According to an update from Yakima Police Chief Matthew Murray earlier this month, the department is down 24 police officers, creating a staffing crisis for Yakima.

In turn, the use of overtime for the department in 2023 totaled approximately $2.08 million, according to data collected by The Center Square.

The city noted that the $2.08 million could change slightly if prior period adjustments are submitted for time in 2023, or if any audits discover adjustments are needed.

Last year the department typically had eight police officers working throughout the city at a given time. It drops down to six officers overnight.

Since 2017, the Yakima Police Department has operated with an unusually high number of vacancies in its patrol division, according to the 2023-2024 budget.

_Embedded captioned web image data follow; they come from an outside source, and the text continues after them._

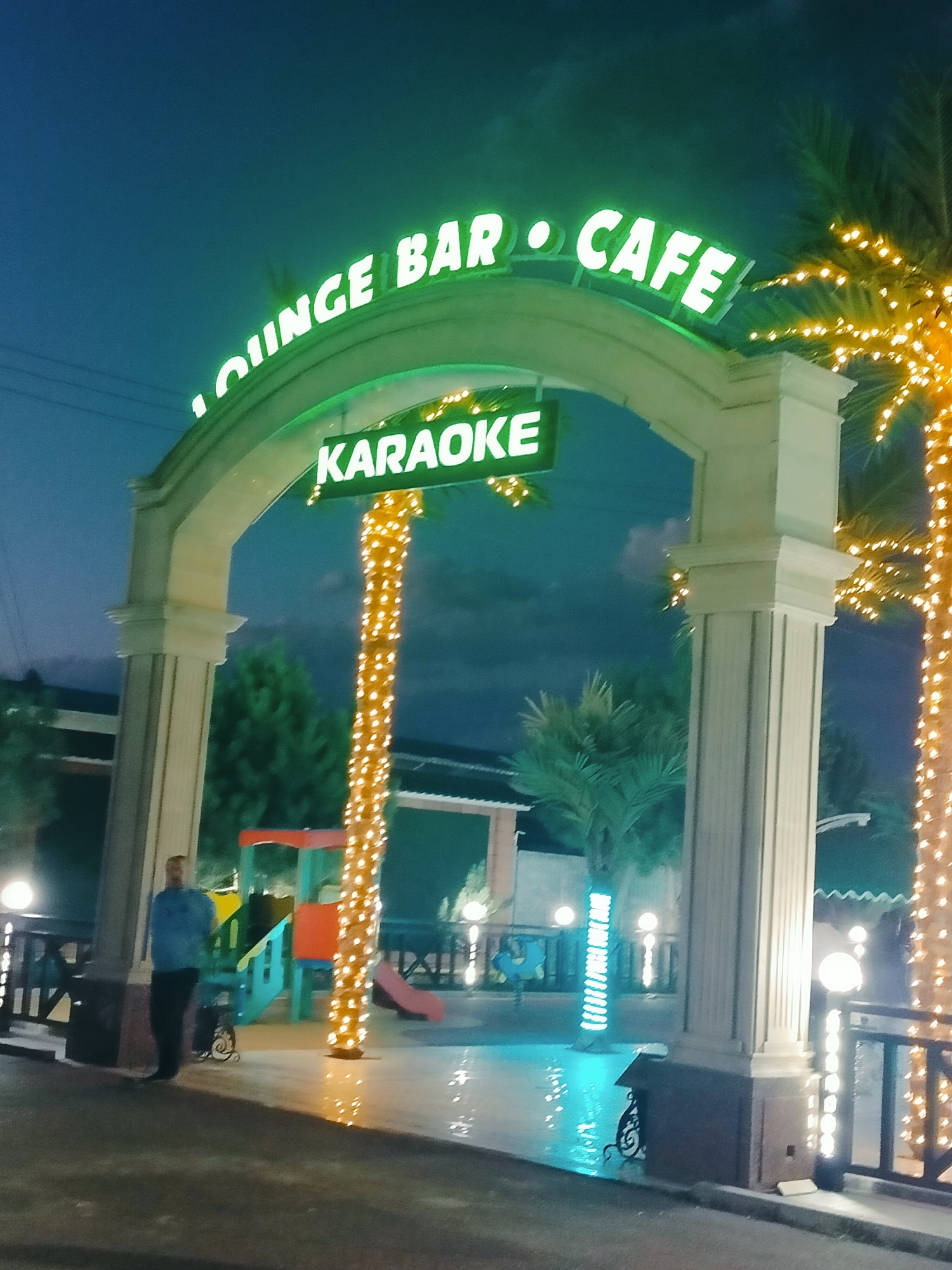 The image depicts the entrance to a "LOUNGE BAR CAFE KARAOKE" establishment at night. A man, wearing a blue shirt and dark pants, stands to the left of a large, ornate archway. The archway is illuminated with green neon lights that spell out the establishment's name. Below the main sign, a separate green neon sign reads "KARAOKE." The scene is decorated with numerous small yellow lights wrapped around palm trees, creating a festive atmosphere. In the background, a children's playground structure is visible. The ground appears wet and reflective, possibly due to recent rain or cleaning. The overall impression is of an outdoor entertainment venue in a somewhat tropical or warm climate, given the palm trees. The location is identified as Aksukent, Kazakhstan.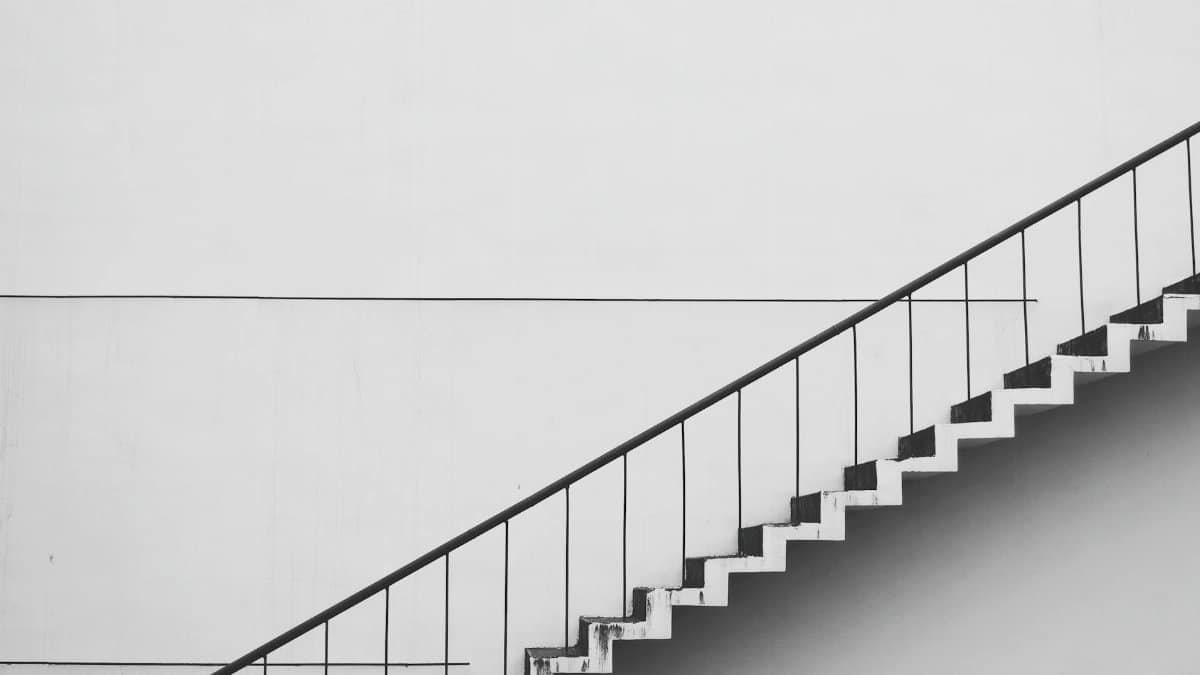 Minimalistic black and white staircase with sharp angles and clean lines, showcasing modern architecture.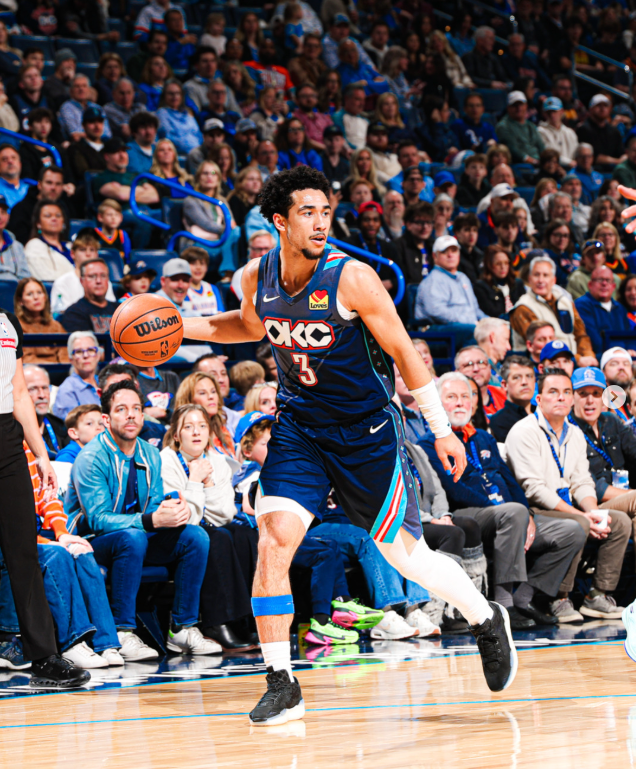 Basketball player in action during a game with a crowd in the background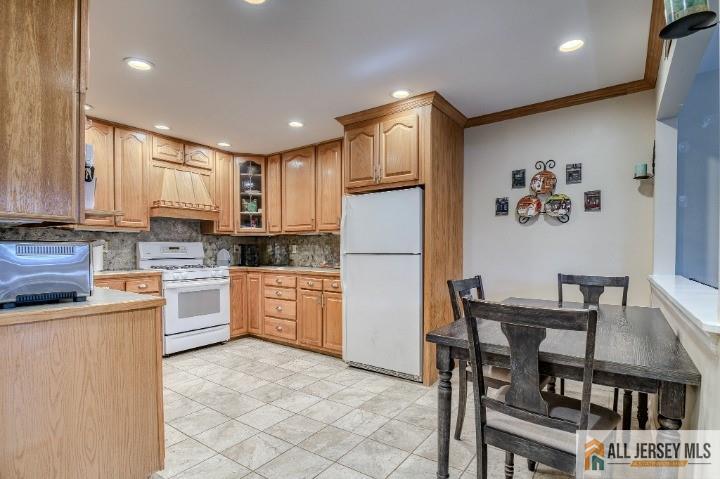16 Pendleton Place Old Bridge, NJ 08857 - Photo 6 of 30 a kitchen with stainless steel appliances granite countertop a refrigerator a stove a sink a dining table and chairs with wooden floor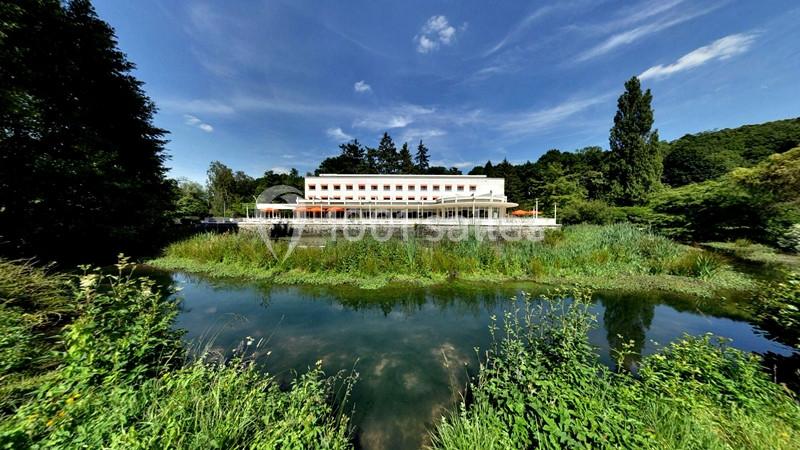 Bâtiment blanc moderne entouré de végétation, avec un plan d'eau au premier plan et un ciel bleu dégagé.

Overtime has been required to meet minimum staffing levels within the department since.

The $2.08 million spent on overtime nearly outweighs the $2.3 million dedicated to police operations in the city’s 2023 budget.

Despite minimal staffing, preliminary data from the Uniform Crime Report showed a decrease in crime throughout all categories, except for narcotics.

Through Dec. 20 of last year, there was a 13% decrease in aggravated assault, a 50% decrease in robberies, and a 26% drop in property damage, according to preliminary data.

The Yakima Police Department is currently facing a budget deficit of $1.2 million that is anticipated to reach $1.38 million in 2025. The Center Square previously reported on the city requiring all of its departments to identify significant reductions to reach a goal of $7.2 million in savings last year.

The Yakima Police Department is allotted about 44% of the city’s biennial budget. Salary and benefits represent 84% of the police department’s biennial budget, so cuts to its staff were proposed.

The Center Square reached out to city officials for comment on the $2.08 million used for overtime, but did not receive a response at the time of publication.